What you have to do ▸ Start at the first record below and retype through the last, exactly.

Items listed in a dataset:

━━━━━━━━━━━━━━━━

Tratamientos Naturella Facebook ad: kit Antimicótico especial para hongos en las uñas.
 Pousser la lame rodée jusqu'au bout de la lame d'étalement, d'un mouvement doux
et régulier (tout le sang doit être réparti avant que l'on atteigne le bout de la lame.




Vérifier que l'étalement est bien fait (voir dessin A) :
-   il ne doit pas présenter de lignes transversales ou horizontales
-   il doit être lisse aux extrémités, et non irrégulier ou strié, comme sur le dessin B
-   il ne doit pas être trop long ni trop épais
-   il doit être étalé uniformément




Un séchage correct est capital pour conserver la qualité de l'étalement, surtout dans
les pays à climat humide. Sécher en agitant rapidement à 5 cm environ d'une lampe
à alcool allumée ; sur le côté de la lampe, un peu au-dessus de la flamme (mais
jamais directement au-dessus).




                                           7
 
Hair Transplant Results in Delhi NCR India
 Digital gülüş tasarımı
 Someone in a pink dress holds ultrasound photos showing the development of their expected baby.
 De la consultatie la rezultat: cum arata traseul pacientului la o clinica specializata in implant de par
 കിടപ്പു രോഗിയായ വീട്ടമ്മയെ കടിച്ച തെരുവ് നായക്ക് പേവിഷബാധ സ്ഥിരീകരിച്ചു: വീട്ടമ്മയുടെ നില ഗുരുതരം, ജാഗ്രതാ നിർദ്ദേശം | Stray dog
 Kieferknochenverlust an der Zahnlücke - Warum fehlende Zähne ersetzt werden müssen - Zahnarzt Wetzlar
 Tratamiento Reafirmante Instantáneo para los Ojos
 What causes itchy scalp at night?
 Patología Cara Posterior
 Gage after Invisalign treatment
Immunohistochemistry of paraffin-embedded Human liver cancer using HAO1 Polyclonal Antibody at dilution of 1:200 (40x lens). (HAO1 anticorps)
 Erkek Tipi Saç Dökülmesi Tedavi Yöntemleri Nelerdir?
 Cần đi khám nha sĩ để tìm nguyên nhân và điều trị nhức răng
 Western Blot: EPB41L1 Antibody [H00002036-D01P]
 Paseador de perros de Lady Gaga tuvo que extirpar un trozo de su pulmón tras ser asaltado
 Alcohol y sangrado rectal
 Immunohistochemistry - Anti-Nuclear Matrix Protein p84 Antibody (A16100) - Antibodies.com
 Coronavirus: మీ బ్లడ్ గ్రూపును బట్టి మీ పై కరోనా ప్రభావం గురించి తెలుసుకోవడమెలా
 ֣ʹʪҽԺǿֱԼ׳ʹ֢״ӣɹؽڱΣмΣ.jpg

━━━━━━━━━━━━━━━━

Answer box ▸
Tratamientos Naturella Facebook ad: kit Antimicótico especial para hongos en las uñas.
 Pousser la lame rodée jusqu'au bout de la lame d'étalement, d'un mouvement doux
et régulier (tout le sang doit être réparti avant que l'on atteigne le bout de la lame.




Vérifier que l'étalement est bien fait (voir dessin A) :
-   il ne doit pas présenter de lignes transversales ou horizontales
-   il doit être lisse aux extrémités, et non irrégulier ou strié, comme sur le dessin B
-   il ne doit pas être trop long ni trop épais
-   il doit être étalé uniformément




Un séchage correct est capital pour conserver la qualité de l'étalement, surtout dans
les pays à climat humide. Sécher en agitant rapidement à 5 cm environ d'une lampe
à alcool allumée ; sur le côté de la lampe, un peu au-dessus de la flamme (mais
jamais directement au-dessus).




                                           7
 
Hair Transplant Results in Delhi NCR India
 Digital gülüş tasarımı
 Someone in a pink dress holds ultrasound photos showing the development of their expected baby.
 De la consultatie la rezultat: cum arata traseul pacientului la o clinica specializata in implant de par
 കിടപ്പു രോഗിയായ വീട്ടമ്മയെ കടിച്ച തെരുവ് നായക്ക് പേവിഷബാധ സ്ഥിരീകരിച്ചു: വീട്ടമ്മയുടെ നില ഗുരുതരം, ജാഗ്രതാ നിർദ്ദേശം | Stray dog
 Kieferknochenverlust an der Zahnlücke - Warum fehlende Zähne ersetzt werden müssen - Zahnarzt Wetzlar
 Tratamiento Reafirmante Instantáneo para los Ojos
 What causes itchy scalp at night?
 Patología Cara Posterior
 Gage after Invisalign treatment
Immunohistochemistry of paraffin-embedded Human liver cancer using HAO1 Polyclonal Antibody at dilution of 1:200 (40x lens). (HAO1 anticorps)
 Erkek Tipi Saç Dökülmesi Tedavi Yöntemleri Nelerdir?
 Cần đi khám nha sĩ để tìm nguyên nhân và điều trị nhức răng
 Western Blot: EPB41L1 Antibody [H00002036-D01P]
 Paseador de perros de Lady Gaga tuvo que extirpar un trozo de su pulmón tras ser asaltado
 Alcohol y sangrado rectal
 Immunohistochemistry - Anti-Nuclear Matrix Protein p84 Antibody (A16100) - Antibodies.com
 Coronavirus: మీ బ్లడ్ గ్రూపును బట్టి మీ పై కరోనా ప్రభావం గురించి తెలుసుకోవడమెలా
 ֣ʹʪҽԺǿֱԼ׳ʹ֢״ӣɹؽڱΣмΣ.jpg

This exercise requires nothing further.